Peter Bain Kenen (November 30, 1932 – December 17, 2012) was an American economist, who was the Walker Professor of Economics and International Finance at Princeton University, and senior fellow in international economics at the Council on Foreign Relations.

==Early life==
Kenen was born in Cleveland, Ohio in 1932, and attended The Bronx High School of Science. He earned his B.A. from Columbia University in 1954 and his Ph.D. from Harvard University in 1958. He taught at Columbia from 1957 to 1971, where he served as chairman of the Department of Economics and was named as provost of the university. While at Columbia, Kenen was a resident of Teaneck, New Jersey. He studied at the London School of Economics in 1957.

==Career==

He was director of the International Finance Section at Princeton from 1971 to 1999. He is best known for his work on the theory of optimum currency areas, in which he argued that groups of countries with diversified domestic production are more likely to constitute optimum currency areas than groups whose members are highly specialized. He was one of the first to advocate floating exchange rates for small countries.

Kenen's publications include British Monetary Policy and the Balance of Payments, which won the David A. Wells Prize at Harvard; Asset Markets, Exchange Rates and Economic Integration (with Polly Allen); The Theory of Optimum Currency Areas: An Eclectic View; Managing Exchange Rates; Economic and Monetary Union in Europe; The International Financial Architecture; and International Economic and Financial Cooperation (with Jeffrey Shafer, Nigel Wicks, and Charles Wyplosz). Recent publications include Regional Monetary Integration (with Ellen E. Meade), published in 2008 (Cambridge). He edited several books, including Managing the World Economy and Understanding Interdependence, and was co editor of the two volume Handbook of International Economics. He published numerous articles in scholarly journals, many of which have been reprinted in two volumes: Essays in International Economics and Exchange Rates and the Monetary System. In 1971, he co-authored the book International Economics with Raymond Lubitz.

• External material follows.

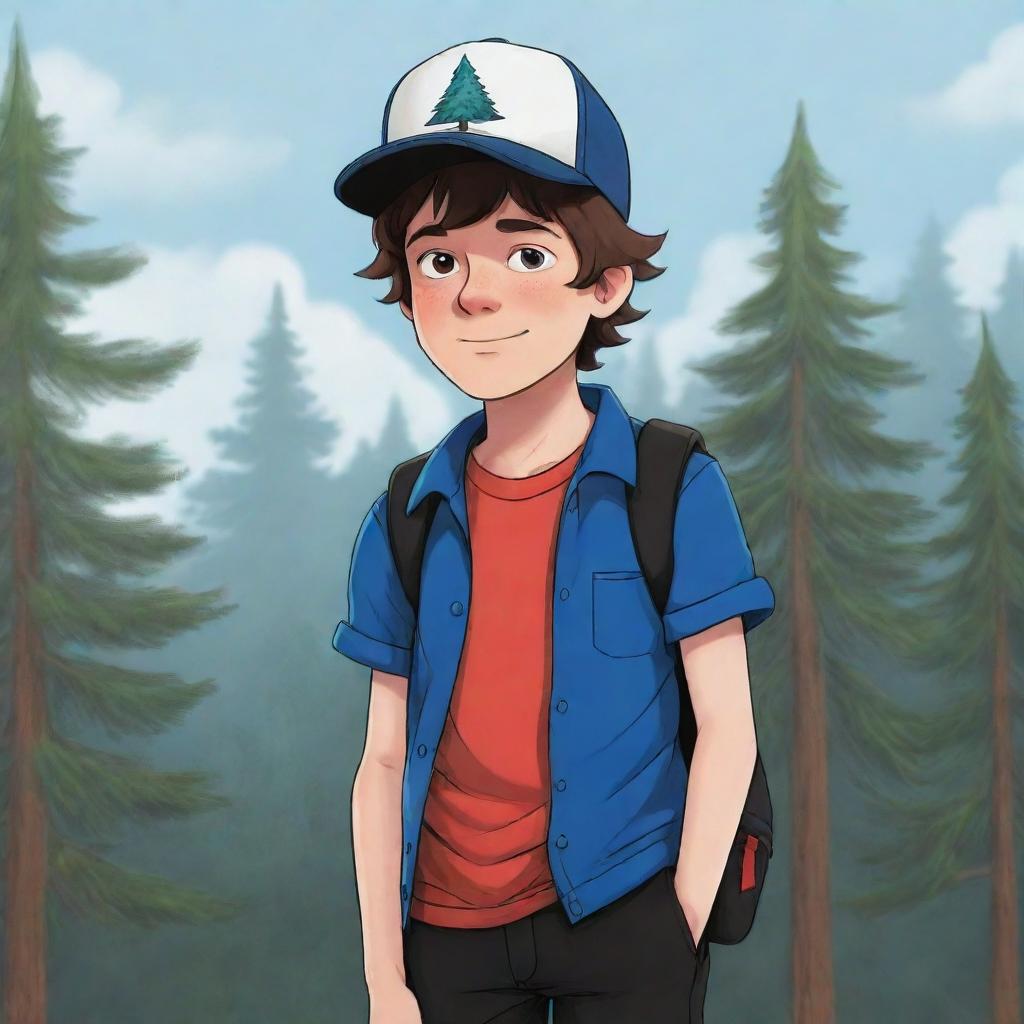 An illustration of Dipper Pines from Gravity Falls, wearing his signature blue and white pine tree hat, red shirt, and black shorts, standing ready for adventure.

Kenen was a consultant to the Council of Economic Advisers, the Office of Management and Budget, the Federal Reserve, the International Monetary Fund, and the United States Department of the Treasury. He was a member of President Kennedy's Task Force on Foreign Economic Policy, the Review Committee on Balance of Payments Statistics, the Economic Advisory Panel of the Federal Reserve Bank of New York, the Council on Foreign Relations, and the Group of Thirty. He was president of the Eastern Economic Association in 2000–01.

He held research fellowships from the Ford Foundation, the Social Science Research Council, and the German Marshall Fund, and he was a fellow of the Center for Advanced Study in the Behavioral Sciences, a Guggenheim Fellow, and Ford Research Professor at the University of California. In 1983–84, he was a professorial fellow at the Australian National University; in 1987–88, he was a visiting fellow at the Royal Institute of International Affairs; in 1991–92, he held the Houblon-Norman Fellowship at the Bank of England; and in 2002, he was professorial fellow at the Victoria University of Wellington and the Reserve Bank of New Zealand.

===Selected publications===
====Books====
- Managing the world economy: fifty years after Bretton Woods. Peterson Institute Press, 1994.
- Economic and monetary union in Europe: Moving beyond Maastricht, Cambridge University Press, 1995.
- The international economy, Cambridge University Press, 2000.
- The international financial architecture: What's new? What's missing?, Vol. 61. Peterson Institute, 2001.
- Regional monetary integration, EE Meade, 2007.

====Academic papers====
- "Employment Fluctuations and Wage Rigidity", Brookings Papers on Economic Activity, vol. 1980, no. 1, 1980.
- "Measuring and analyzing the effects of short-term volatility in real exchange rates", The Review of Economics and Statistics, 1986.
- "Currency Internationalisation: Lessons from the Global Financial Crisis and Prospects for the Future in Asia and the Pacific", BIS Paper No. 61, 2012.
- "Nature, capital, and trade." in Essays in International Economics, Princeton University Press, 2019.
- "The demand for international reserves", in Essays in International Economics. Princeton University Press, 2019.

==Death==
Kenen died on December 17, 2012, after a battle with emphysema. He was 80 years old.